**** Supplied records ****
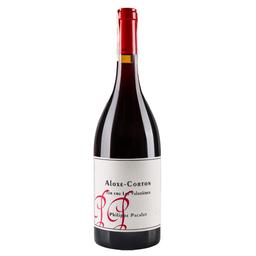 Вино Philippe Pacalet Aloxe Corton Premier Сru Les Valozieres 2016 AOC/AOP, 13%, 0,75 л (801593)
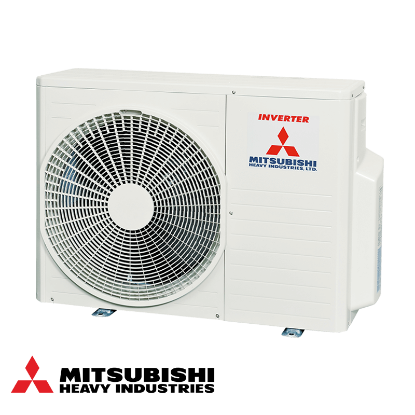 Снимка на Външно тяло на мултисплит система Mitsubishi Heavy Industries SCM60ZS-W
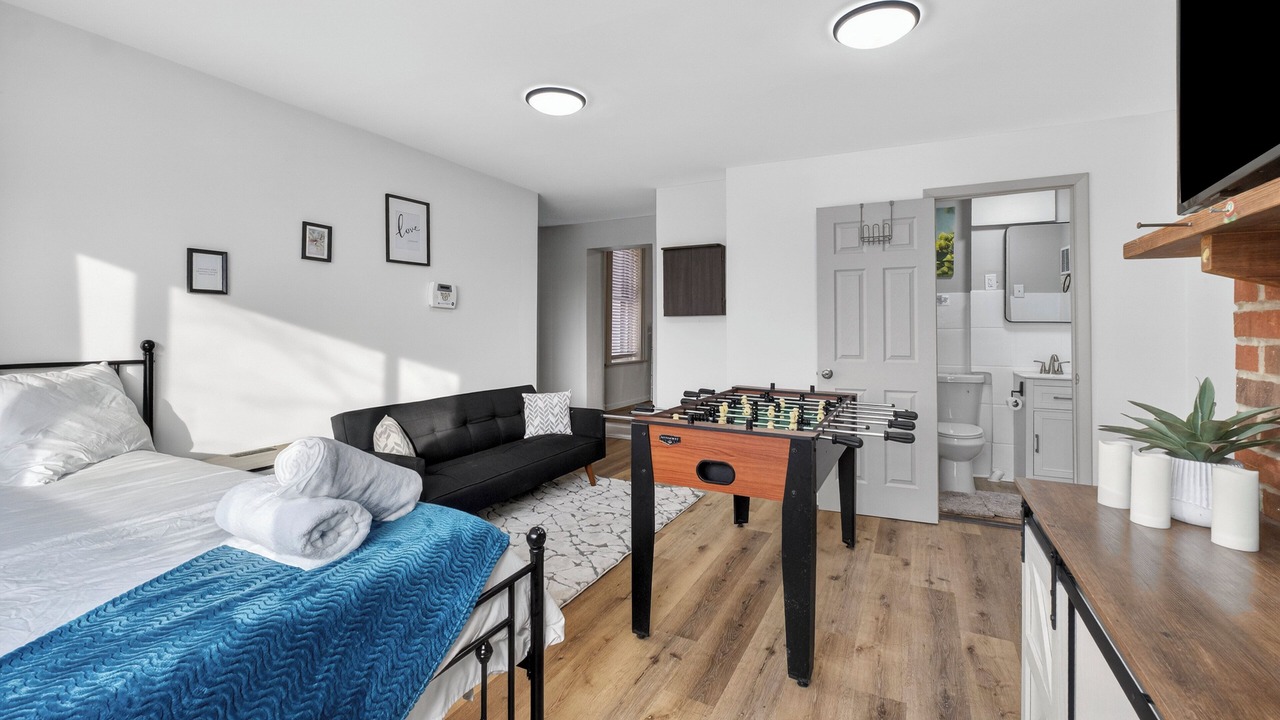Photo of Bedroom in St. Louis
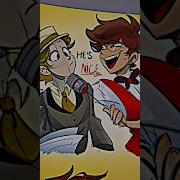 Devil In Disguise Alastor Hazbin Hotel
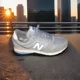 thumbnail image 1 of New Balance Mens 311 Size 10 Street Casual Shoes Sneakers gray Y2K Style, 1 of 6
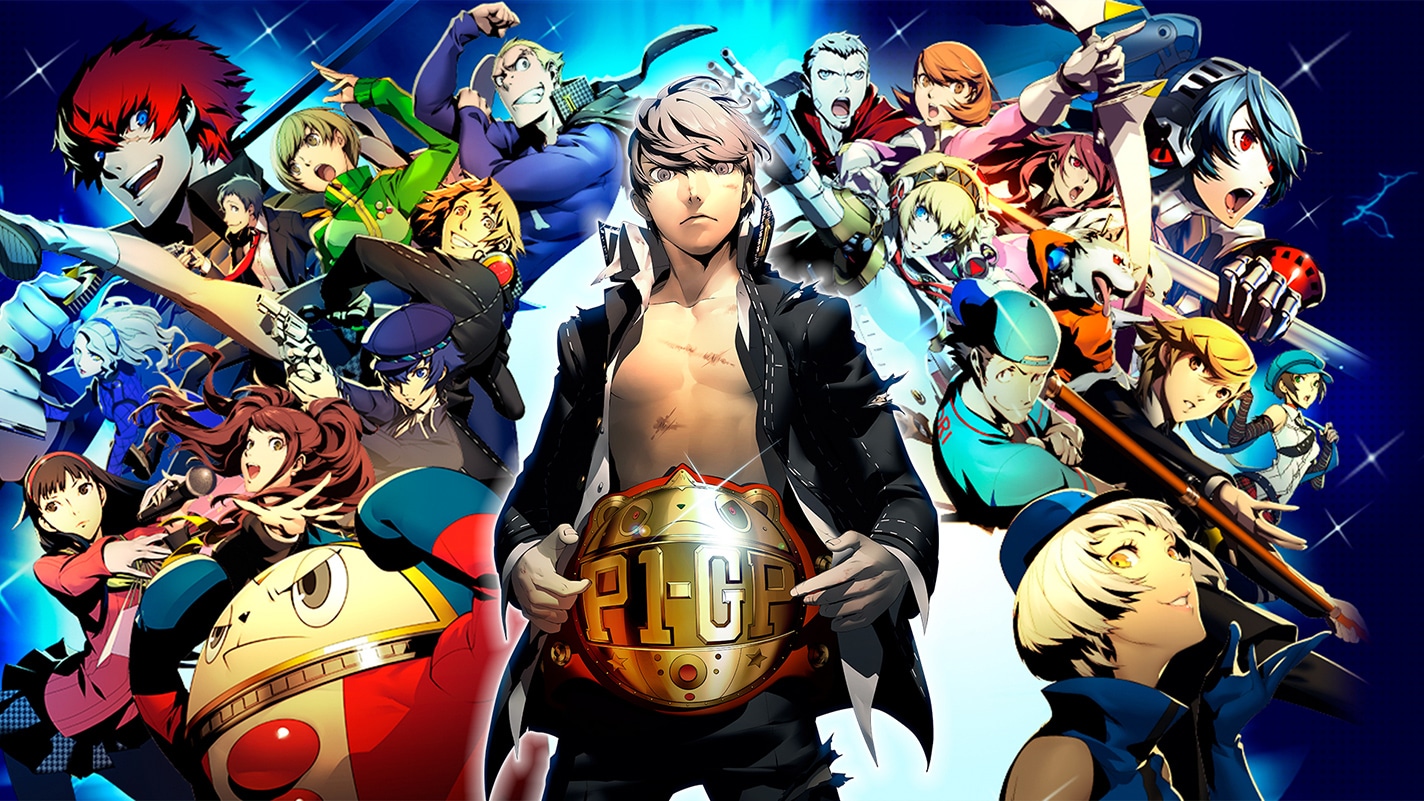 Persona 4 Arena Ultimax Fight Trailer Released 1. PS4.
****
§ **Assignment**
Your copy must hold every record above in its exact wording and must hold no pictures.

§ **Answer area**
 Вино Philippe Pacalet Aloxe Corton Premier Сru Les Valozieres 2016 AOC/AOP, 13%, 0,75 л (801593)
 Снимка на Външно тяло на мултисплит система Mitsubishi Heavy Industries SCM60ZS-W
Photo of Bedroom in St. Louis
 Devil In Disguise Alastor Hazbin Hotel
 thumbnail image 1 of New Balance Mens 311 Size 10 Street Casual Shoes Sneakers gray Y2K Style, 1 of 6
 Persona 4 Arena Ultimax Fight Trailer Released 1. PS4.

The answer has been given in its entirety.